If you want to be thrown for a loop, Looper should be just the ticket; a cleverly imagined time-travel thriller which blends science fiction and action with dashes of horror and dark comedy as present and future selves collide with violent results.
Joseph-Gordon Levitt (made up to resemble a younger Bruce Willis) stars as Joe, a man with a peculiar occupation. He's a “looper”; an assassin employed by mob bosses from the future, who cleanly dispose of their targets by blasting them back to the past for Joe to shoot (with a crude blunderbuss) and incinerate. Paid in silver bars neatly affixed to their victims from the future, loopers are to carry on this way until one day being sent their own future selves to eliminate – “closing the loop”, as the film's rhetoric puts it. But when Joe finally comes face to face with his future self (Bruce Willis himself), a split second's hesitation allows old Joe to escape, hellbent on taking down a future criminal overlord as a child.
Writer-director Rian Johnson made waves with his 2005 debut Brick (which also starred JGL) by pureeing film noir and high school movie tropes, and he employs the same type of genre-bending here, but turned up to eleven. This is both a good and a bad thing depending on how you prefer to ingest your movies. On the one hand, the film constantly keeps you guessing in terms of the direction it may go. Large credit for this has to go to Johnson's innovative screenplay which elegantly (but also not so elegantly) avoids the paradox of time-travel. But on the other hand, the direction it finally ends up going is not likely to satisfy all movie goers. Indeed, the off-the-rails final act seems somewhat out of place with the high-concept headiness of the first act.
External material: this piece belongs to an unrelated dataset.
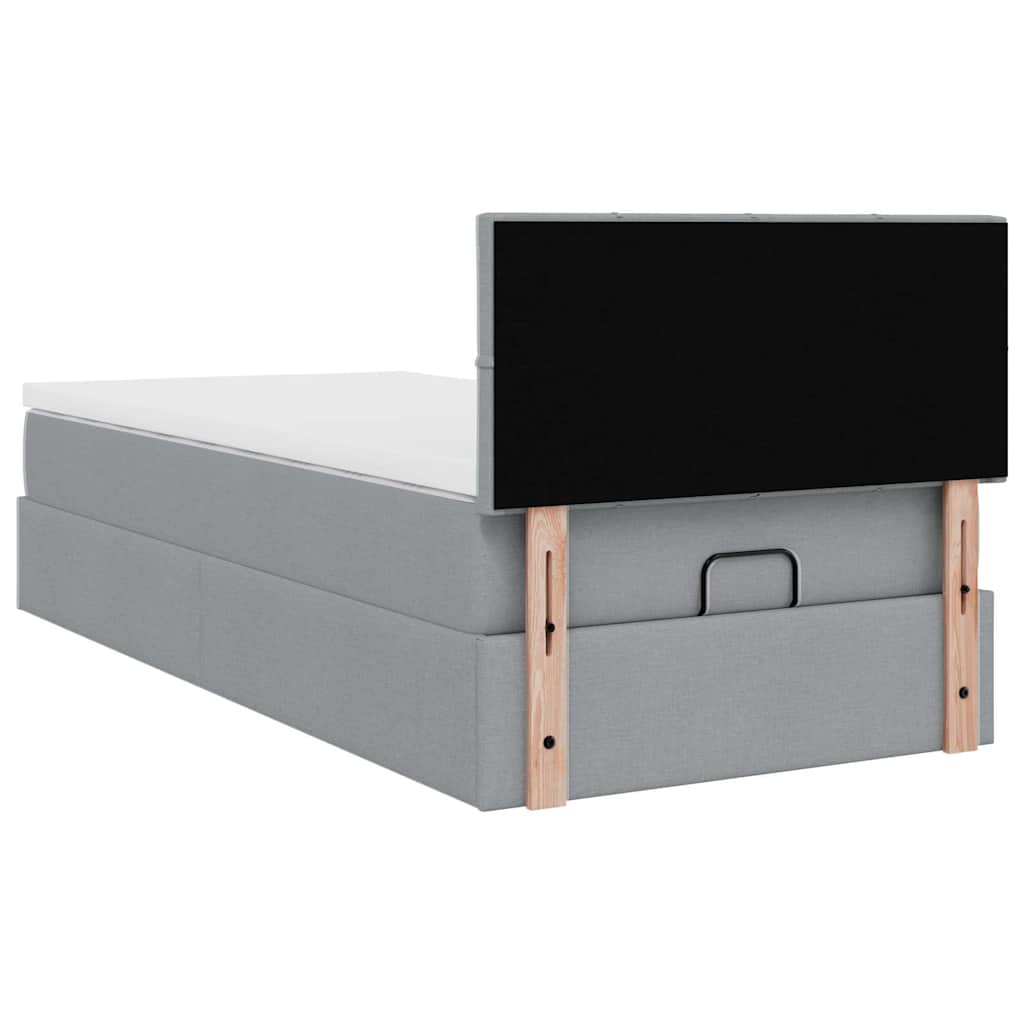 Pouf Letto con Materasso Grigio Chiaro 90x200 cm in Tessuto | homemem39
The use of action here is also a mixed bag. While riveting, wryly humourous, and assembled with dynamic flare (thumbs up for DP Steve Yeldin and editor Bob Ducsay), the jarring pacing of loud-silent-loud-silent throughout the film wears a bit thin before the end. Ultimately, the problematic tonal shifts don't detract too severely from what is a unique and engaging film, but they do bar it from the level of greatness that the premise suggested it could have reached in the first thirty minutes.